What goes wrong if it is absent: Without dispute resolution, cases become “ping-pong” events: the person is transported, refused, transported again, and held in ED boarding while partners argue indirectly. Staff morale declines, police involvement increases, and the system becomes less willing to attempt stabilization outside ED settings.
What observable outcome it produces: Systems can demonstrate fewer disputed transfers, improved acceptance consistency, and clearer documentation of escalation decisions. Over time, governance review should correlate with reduced ED boarding and fewer repeat crisis events driven by failed placement.
Assurance mechanisms that make screening auditable
To be defensible, screening must be measurable. Systems should track: proportion of encounters with completed screening fields, transfer reasons, adverse events in diversion settings, consult utilization, and repeat crisis contacts within 72 hours after disposition. These are not punitive metrics; they are early-warning signals. Strong systems use them to refine thresholds and build partner confidence.

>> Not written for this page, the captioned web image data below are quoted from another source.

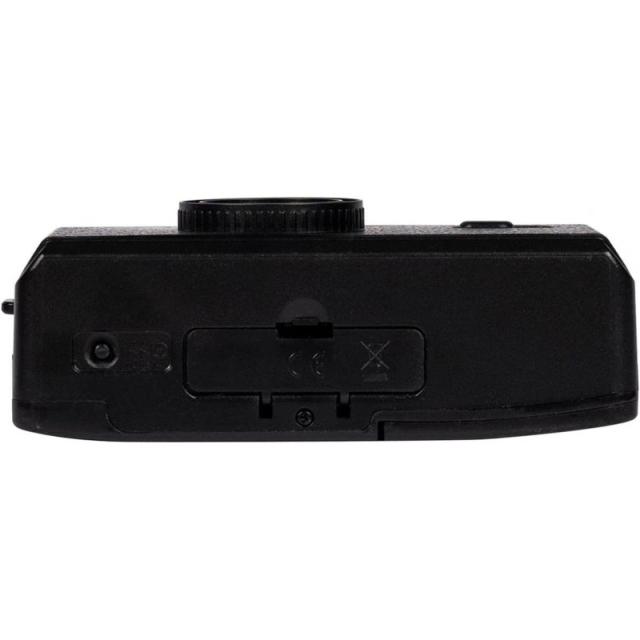 Ilford - Sprite 35 II Cámara analógica compacta 35 mm Negro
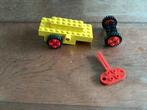 Lego set 890, Kinderen en Baby's, Speelgoed | Duplo en Lego, Ophalen of Verzenden, Zo goed als nieuw, Complete set, Lego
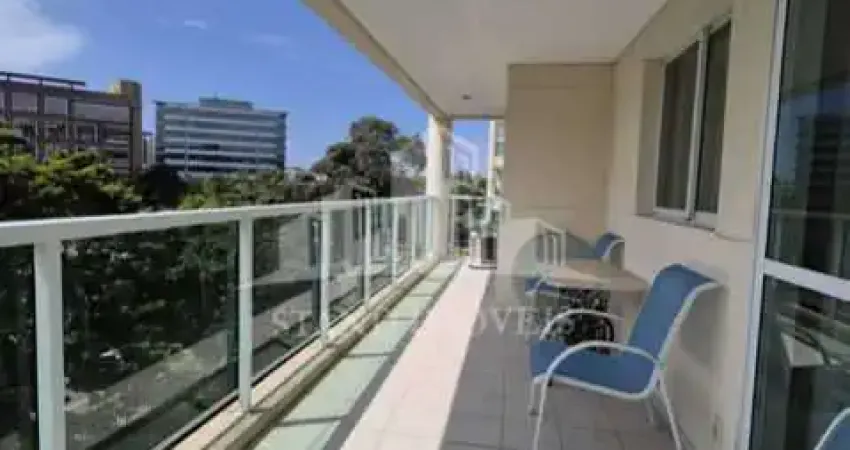 Apartamento com 3 quartos à venda na Avenida Jornalista Tim Lopes, Barra da Tijuca, Rio de Janeiro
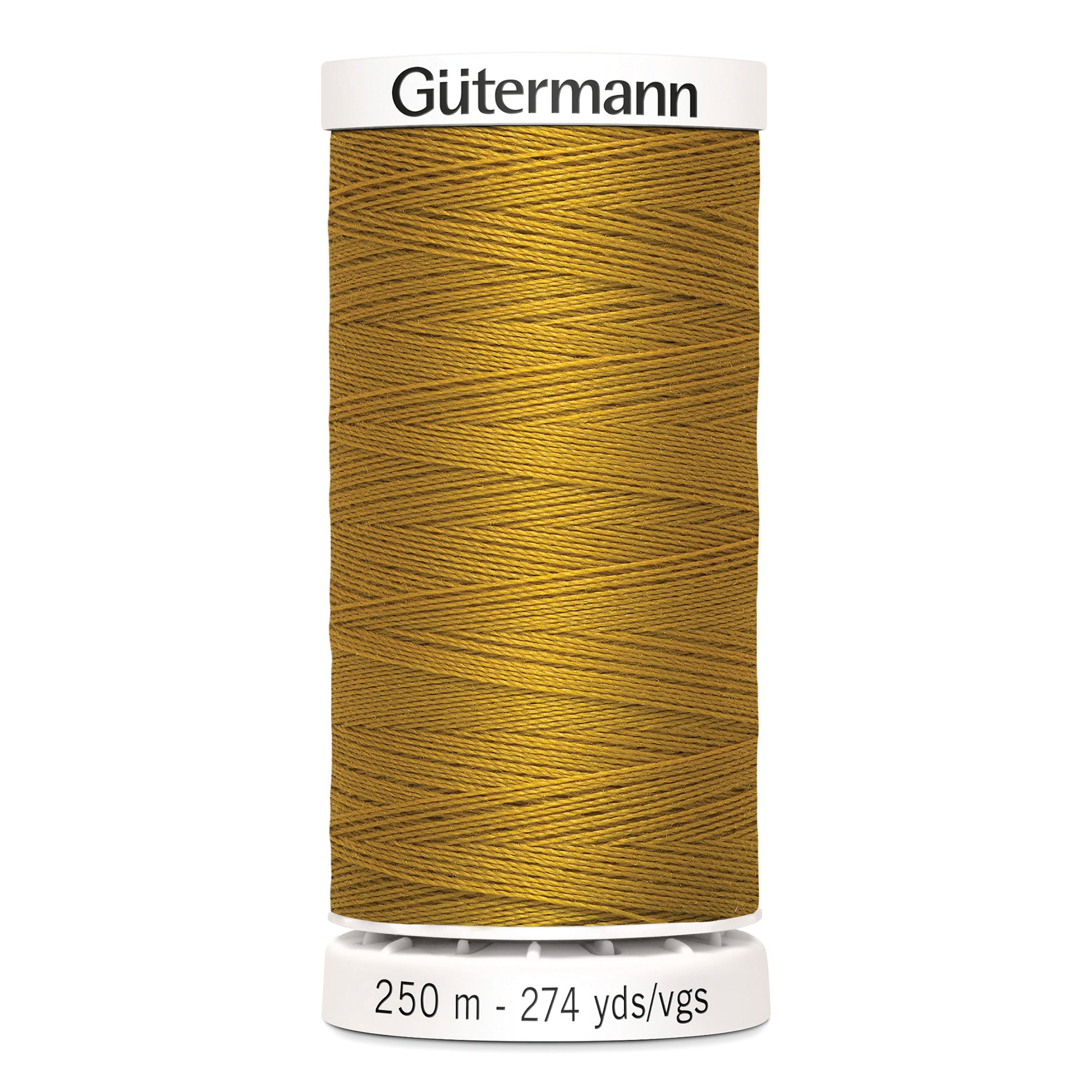 GÜTERMANN - Sew-all Thread 250m - Topaz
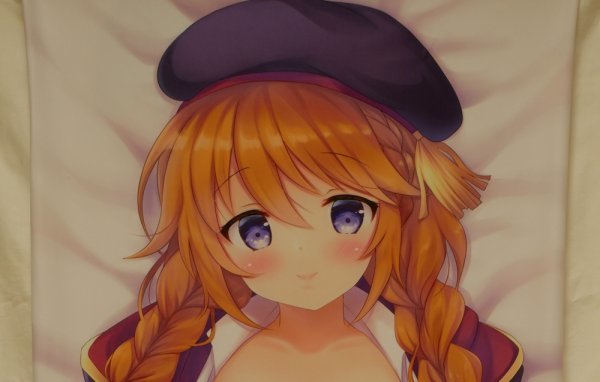 SJ有【正規品】プリンセスコネクト!Re:Dive ユニ CARAMEL CRUNCH可愛い 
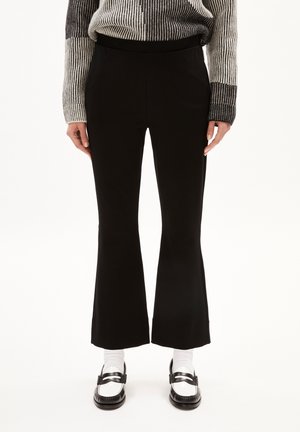 Pantaloni - black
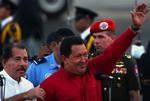 Hugo Chavez har nægtet at forlænge sendetilladelsen for landets ældste tv-kanal, der forholder sig kritisk til præsidenten.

Many organizations improve pathway consistency through a central resource for complex and high-acuity community-based care system design that supports safer implementation.
When medical screening is designed well, diversion becomes credible
ED diversion is not a destination; it is a pathway that depends on trusted screening, shared authority, and reviewable decisions. When medical risk screening is operationalized across partners, crisis stabilization becomes safer, faster, and less reliant on the ED as a default safety net.